Crusaders

My endings were never clean. Always an unraveling. Always, the threads of my bliss fraying toward uncertainty. Like those last days of August when you reach wildly back toward the warm womb of June. Let me back in. Shine down on me again, for I am not yet ready for the cold. Everything is, after all, uncertain. And change is a bitch.

I met Husk in a strawberry field in Pennsylvania. He was wiping juice from his bristly chin and talking to himself, on his knees before the fruit. He always did think himself a holy man. In my experience, most men do.

“Gotta get back,” I heard him saying. “Have to. Will.”

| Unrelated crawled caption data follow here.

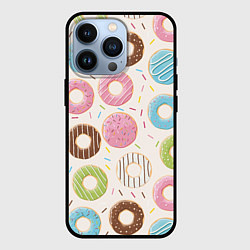 Чехол iPhone 13 Pro Пончики Donuts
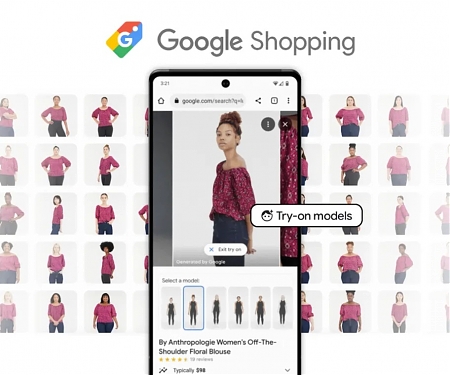 Google Introduces "Virtual Try-On" with Using Generative AI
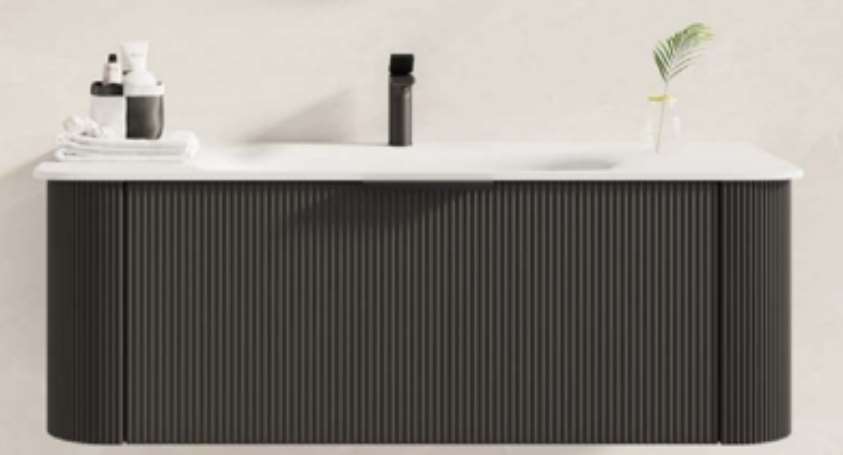 39" Floating Vanity Set — Grey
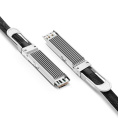 Твинаксиальный медный кабель 0.5m 2ft NVIDIA/Mellanox MCP4Y10-N00A Compatible 800G OSFP Finned Top InfiniBand NDR Passive Direct Attach Copper Twinax Cable for Quantum-2 Switches OSFP-800G-PC005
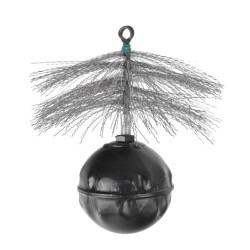 Komínová kefa okrúhla Ø 200 mm, hmotnosť 2,5 kg, lano 10 m GEKO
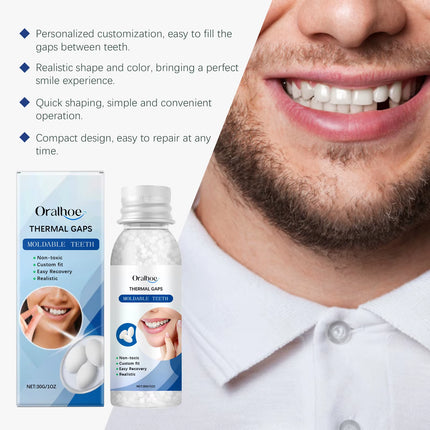 Resin Tooth Repair Glue Shapeable Teeth Gaps Filling Solid Glue Temporary Tooth Repair Safe DIY Emergency Dental Care Supplies
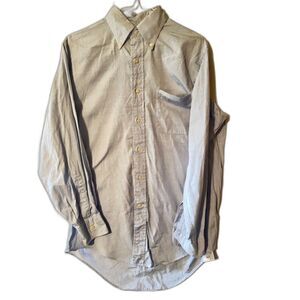 Lands End blue button down shirt 14 1/2-32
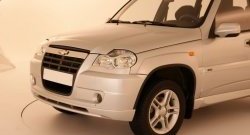 1 999 р. Пороги накладки Памир Chevrolet Niva 2123 дорестайлинг (2002-2008) (Неокрашенные)  с доставкой в г. Екатеринбург. Увеличить фотографию 2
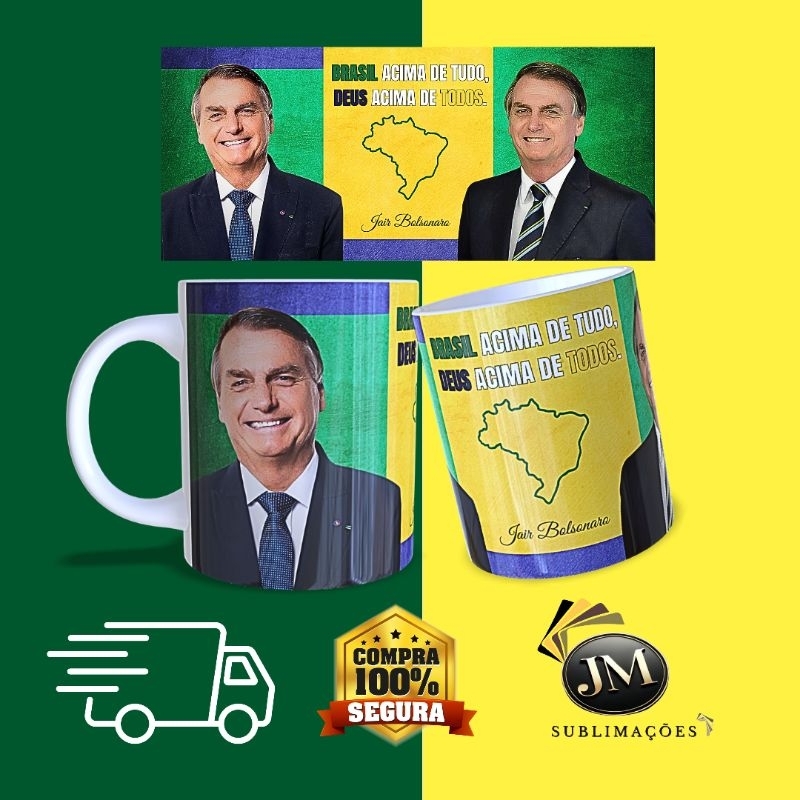 Caneca Exclusiva Jair Bolsonaro - Exclusiva Para Fãs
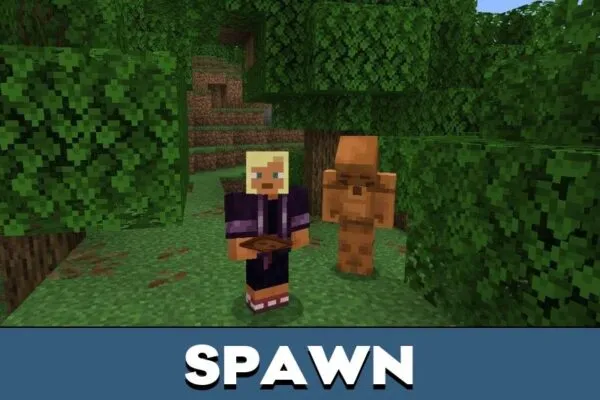 Spawn from Copper Soldier Mod for Minecraft PE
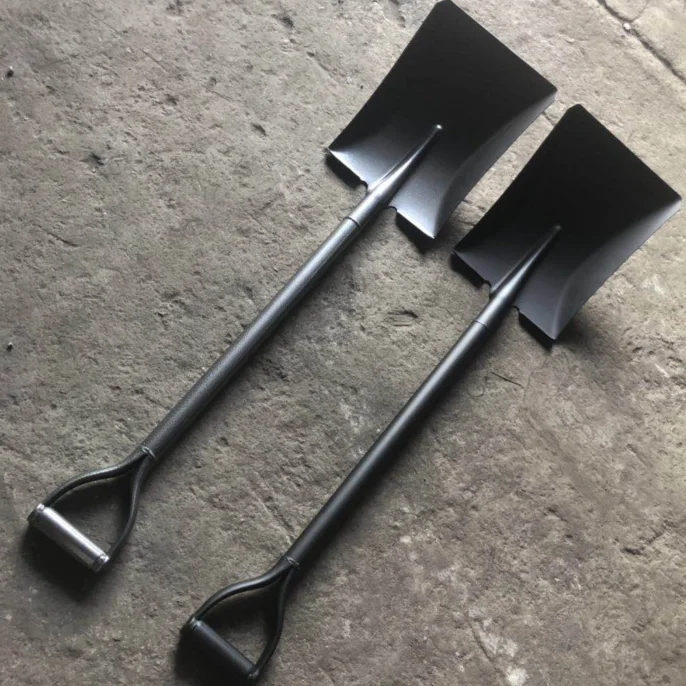 carbon steel 2kg india types farming digging tools  heavy square all iron steel metal handle shovel spade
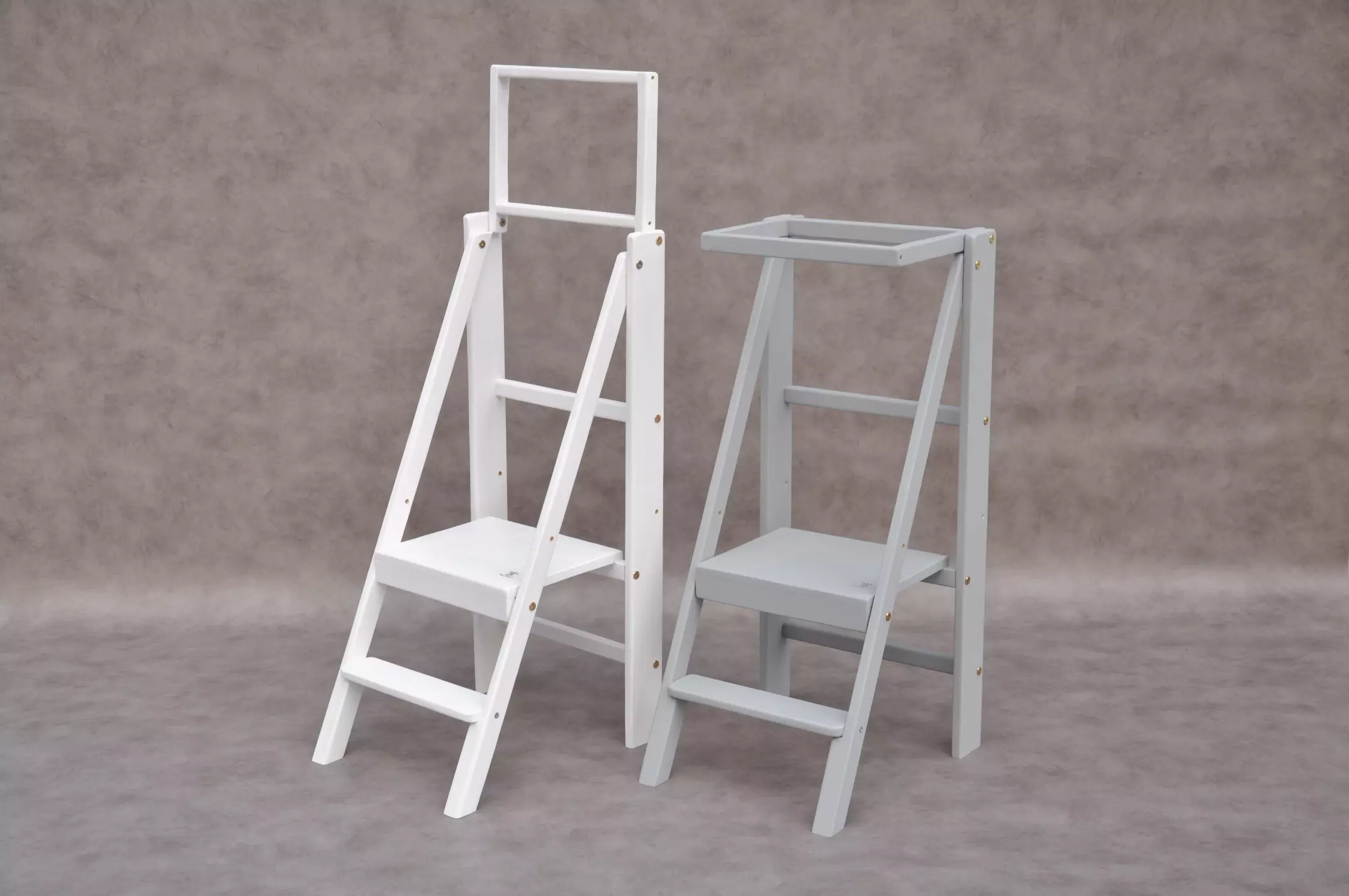 Inklapbare leertoren Barin Toys Slim grijs en wit leertoren kopen van Barin Toys winkel online in Nederland met gratis bezorgd.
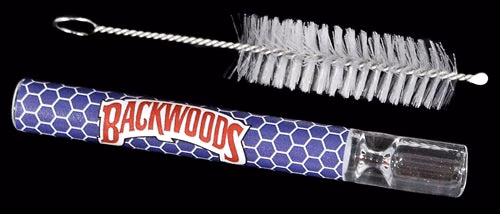 Backwoods 1 Hitter Glass Chillum Assortment 40pk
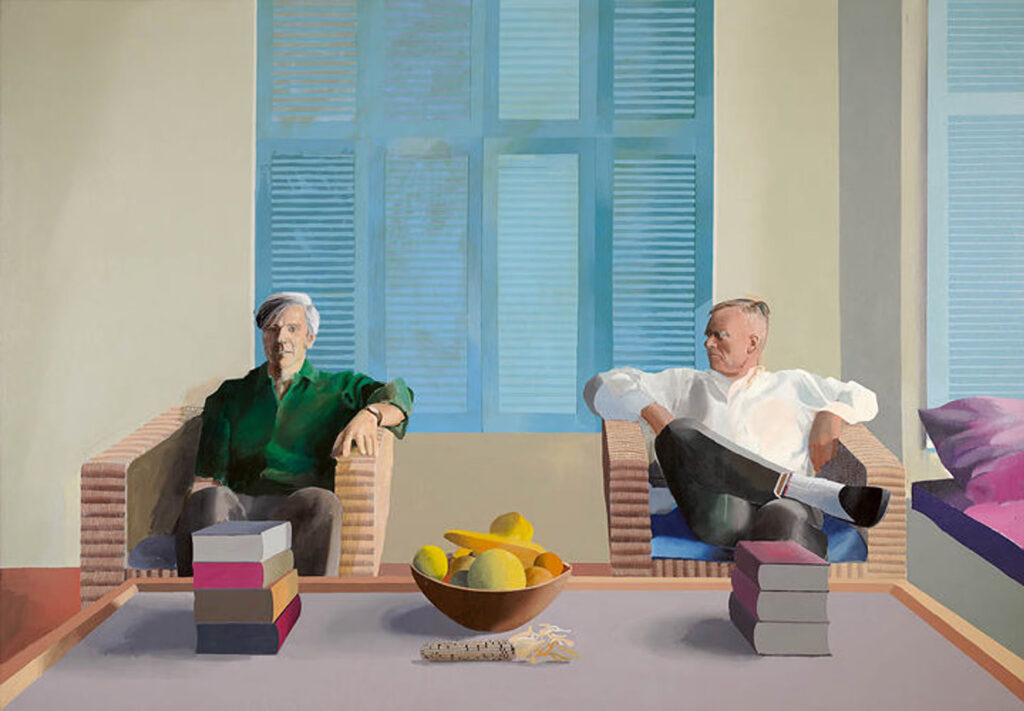 David Hockney’nin “Christopher Isherwood ve Don Bachardy” portresi 45 milyon sterline satışa çıkıyor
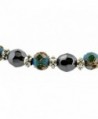 Magnetic Cloisonne Simulated Hematite Bracelet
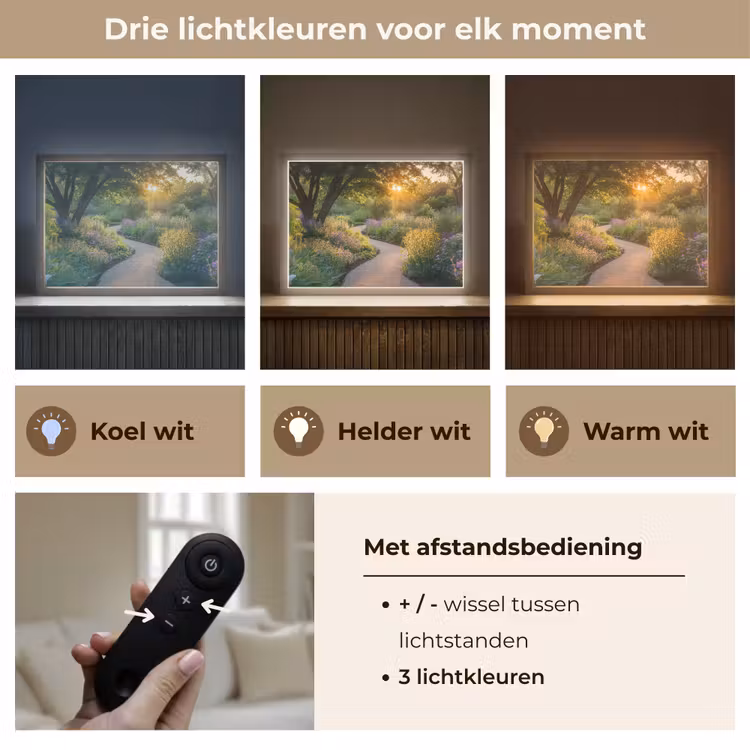 Lightbox - Wandlamp - Pad - Bloemen - Park — 8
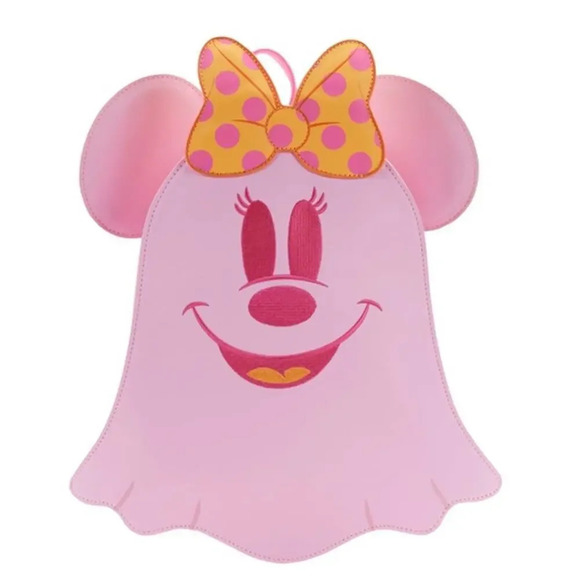 Loungefly glow in the dark mini pinkghost backpack,All Products : American Fashion Style Bags On Sale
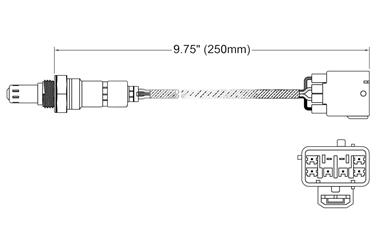 Oxygen Sensor O2 250-25082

Conviction appeals to me. Always has, mostly on account of my flagrant lack thereof. If you’ve never had much luck with faith, it helps to latch onto someone with a lot of it. They’ll pull you back and send you flying like an arrow. Swish. Now you have direction, momentum, an adopted purpose. I call it spiritual hitchhiking. Word to the wise.

As it happened, I was in that field because it looked like a good place to call it in. Lay down and give it all up. I’d just lost everything but my name and my grandpa’s silver watch to a two-bit, two-timing son of a bitch with a very dexterous tongue. He had conviction too but the other kind. The stain-your-teeth-green-from-wanting-the-wrong-things kind. After him, I learned to tell the difference, mostly.